El otro día pasaron por enésima vez en la cadena de la Iglesia la película Cimarrón. La quería ver María que siempre alega que solo la ha visto una vez. Yo la echaba de vez en cuando un vistazo y ya tenía bastante, porque me la sé de memoria, o par coeur, por corazón, como dicen los franceses sin que yo entienda la relación que pueda haber entre el corazón y la memoria, que es que los circunloquios del lenguaje son a veces bastante inextricables. Pero, éste es otro asunto. A lo que iba es que Cimarrón toma su nombre de los animales domésticos que escapan y se asilvestran, que es lo que viene a hacer el protagonista, Glen Ford, que no aguanta la petulancia y garrulería inherente al cumplimiento del sueño americano y se va por ahí a hacerse matar en una de esas guerras románticas de las que tantas hubo en Europa entre finales del XIX y comienzos del XX.

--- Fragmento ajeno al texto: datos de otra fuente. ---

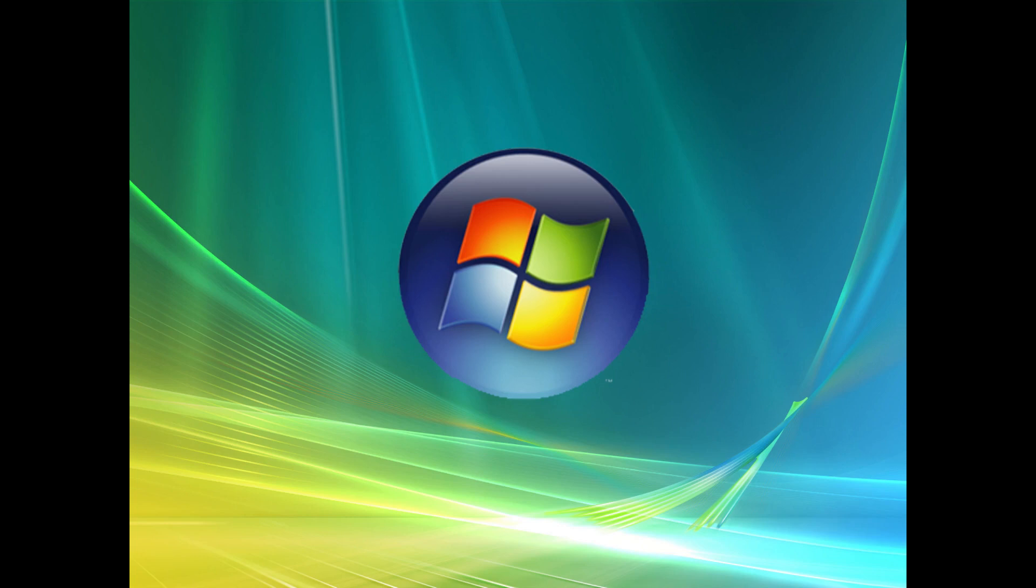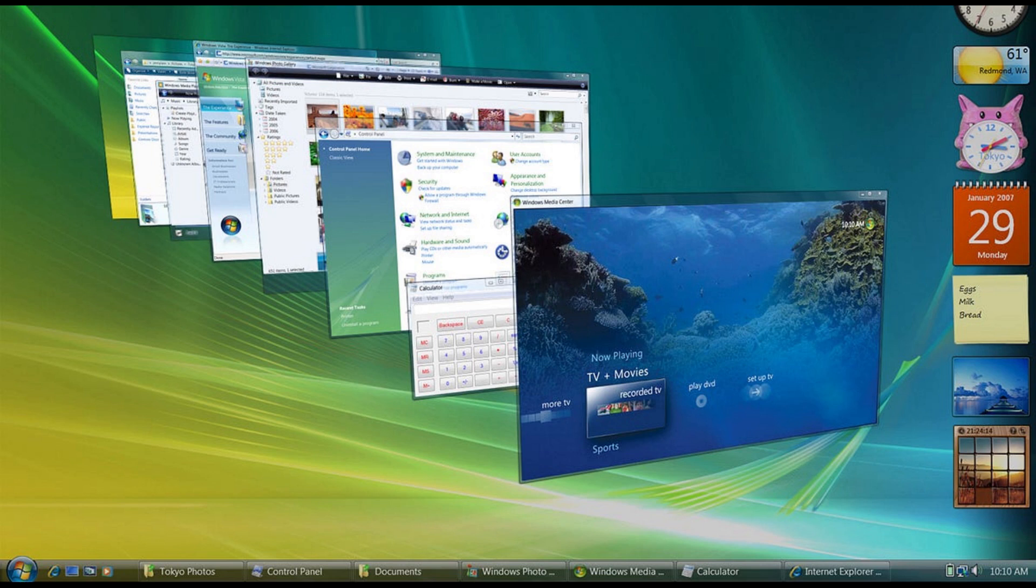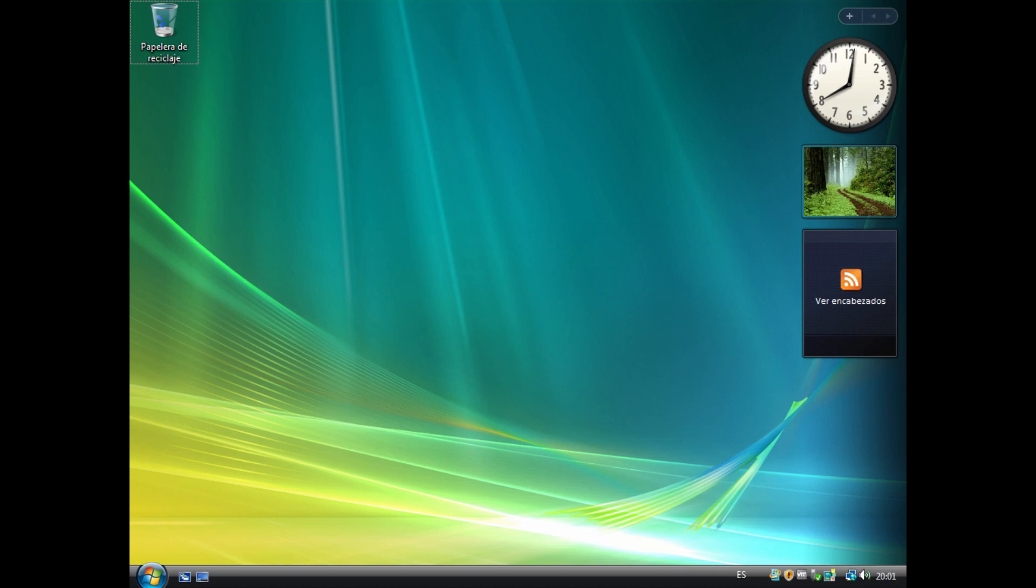Why did so many people hate Windows Vista? Let's find out. Windows Vista, released in 2007, was widely criticized and unpopular among users, earning it a reputation as one of the worst operating systems Microsoft ever released.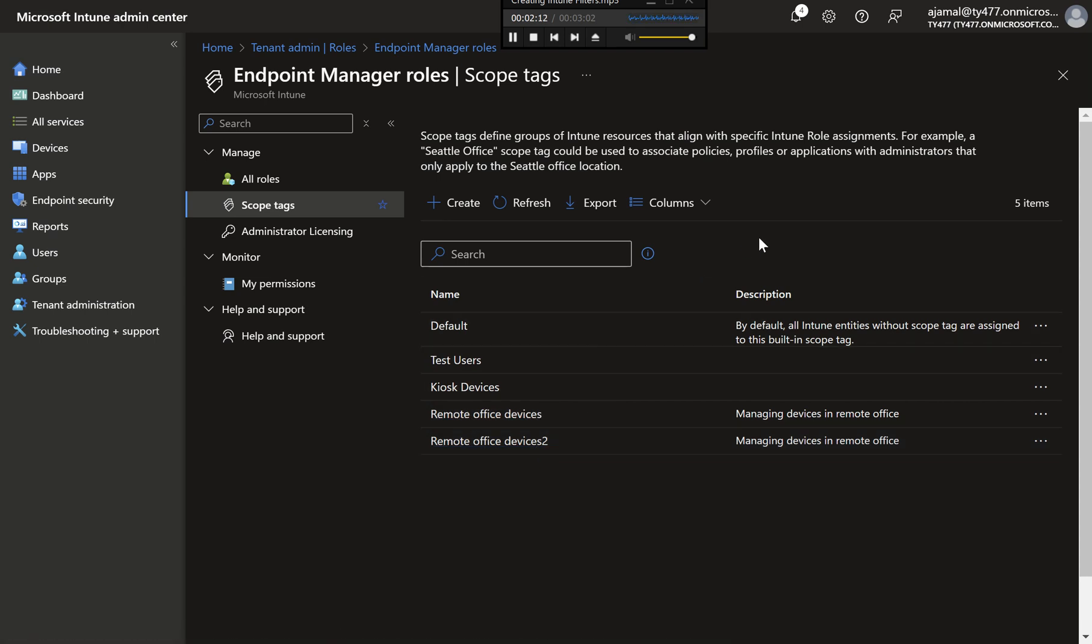Step 7: Automating Scope Tags. Optional: For those managing large environments, consider automating the creation and assignment of scope tags using PowerShell scripts or the Intune Graph API.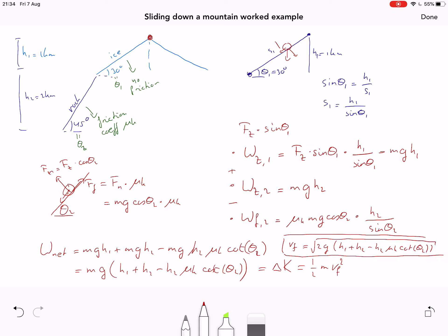Let's check if the answer is self-consistent. The net work has units of force times displacement: all three terms in parentheses have units of meters, multiplied by mass times gravitational acceleration which is a force — correct. The final velocity is the square root of (m/s²)·(m) = m²/s², giving meters per second, which is indeed a velocity. Also, if the height of either section increases, the final velocity increases — which makes perfect sense.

El sueño americano viene a querer decir que en América se puede conseguir lo que, en teoría, todo ser humano anhela, o sea, riquezas materiales. Una vez conseguidas, se supone que todo lo demás por añadidura. Necia suposición, porque la riqueza es una pócima que, cuando la bebes, en vez de calmar la sed lo que hace es acrecentarla. La ambición nunca se sacia, lo cual viene a querer decir que las personas que la beben se convierten en monstruos. Al final, todo vale so capa de estar yo en posesión de la verdad. Algo así como aquello de :"yo soy la luz del mundo; el que me sigue no camina en tinieblas, sino que tendrá la luz de la vida". Ya ven que siempre hemos estado en las mismas: inventarse una milonga que sirva de excusa para imponerse por la fuerza. La de los americanos, en vez de luz, se compone de progreso y libertad. Porque el uno, por lo visto, según ellos, trae inexorablemente la otra. Es lo de siempre: simplificar para mejor ser comprendido. ,
Pues no, señoras y señores, el progreso material no trae necesariamente más libertad, sino que, a buen seguro, al sobrepasar los límites de lo estrictamente necesario, lo único que trae es esclavitud y degradación moral. Que no otra cosa es lo que, a la postre, nos ha traído el sueño americano. Pero, no desesperen porque, como bien sabido es, no hay cerdo al que no le llegue su San Martín. Y al cerdo americano, todo parece indicar que ya le está llegando. Paso por paso, se va repitiendo lo de Roma. El que mucho abarca se endeuda, se inflaciona, y a tomar por el saco. Luego, las futuras generaciones recordarán la historia tratando de extraer lecciones de utilidad. Será inútil. Todos los imperios, en llegando a cierta masa crítica, necesitan para sobrevivir pasar de la república a la dictadura, o, si mejor quieren, de una cierta libertad a una esclavitud cierta. Es lo que les pasó a los romanos cuando pasaron el Rubicón y a los americanos cuando ganaron la segunda guerra mundial. A partir de esos momentos ambos imperios comenzaron a decaer en medio del lujo y la depravación moral. En aquel entonces llegaron los bárbaros a imponer su orden y ahora también están llegando a imponer el suyo. Y colorín, colorado.